* Exercise requirements
Pictures aside, please retype the whole listing word for word.

* Information supplied
+-------+

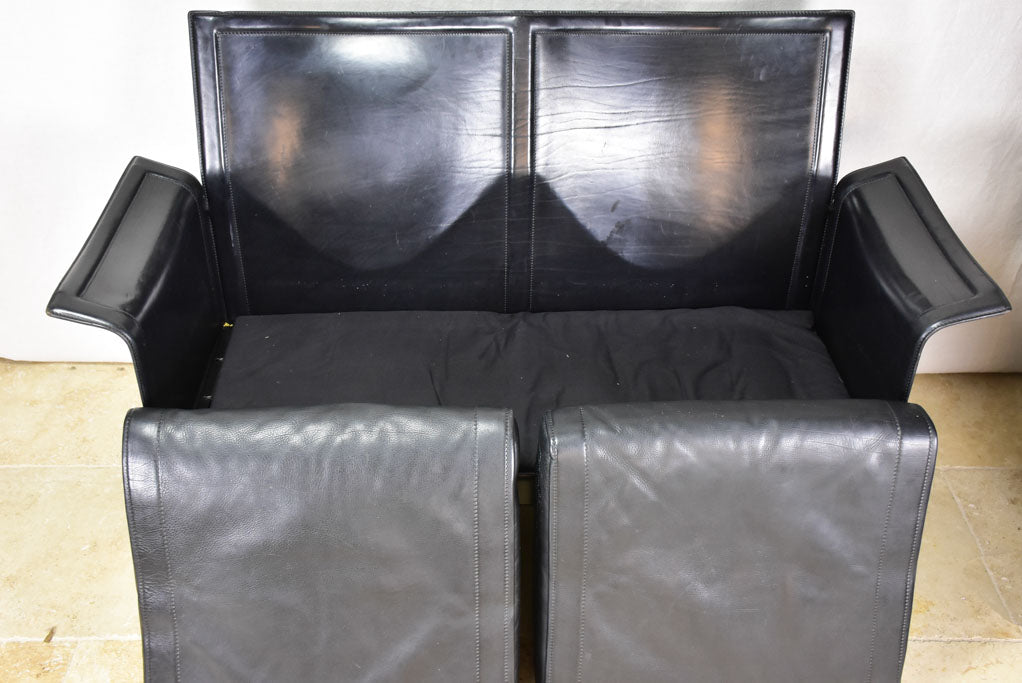 Matteo Grassi Italian black leather two seat sofa - 1970's/80's 50¾"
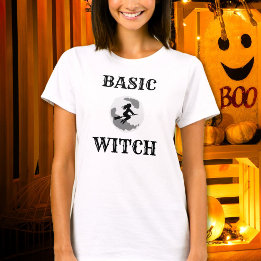 Basische Hek Rijdende Bezem Dames Halloween op Maa T-shirt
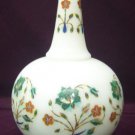 11" White Marble Flower Vase Malachite Inlay Stone Mosaic Arts Home Decor Gifts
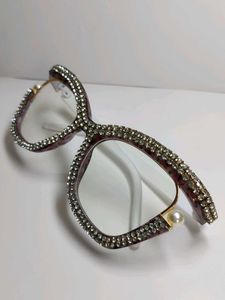 Designer Rhinestone Cat-Eye Glasses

+-------+

* Solution for this task
 Matteo Grassi Italian black leather two seat sofa - 1970's/80's 50¾"
 Basische Hek Rijdende Bezem Dames Halloween op Maa T-shirt
 11" White Marble Flower Vase Malachite Inlay Stone Mosaic Arts Home Decor Gifts
 Designer Rhinestone Cat-Eye Glasses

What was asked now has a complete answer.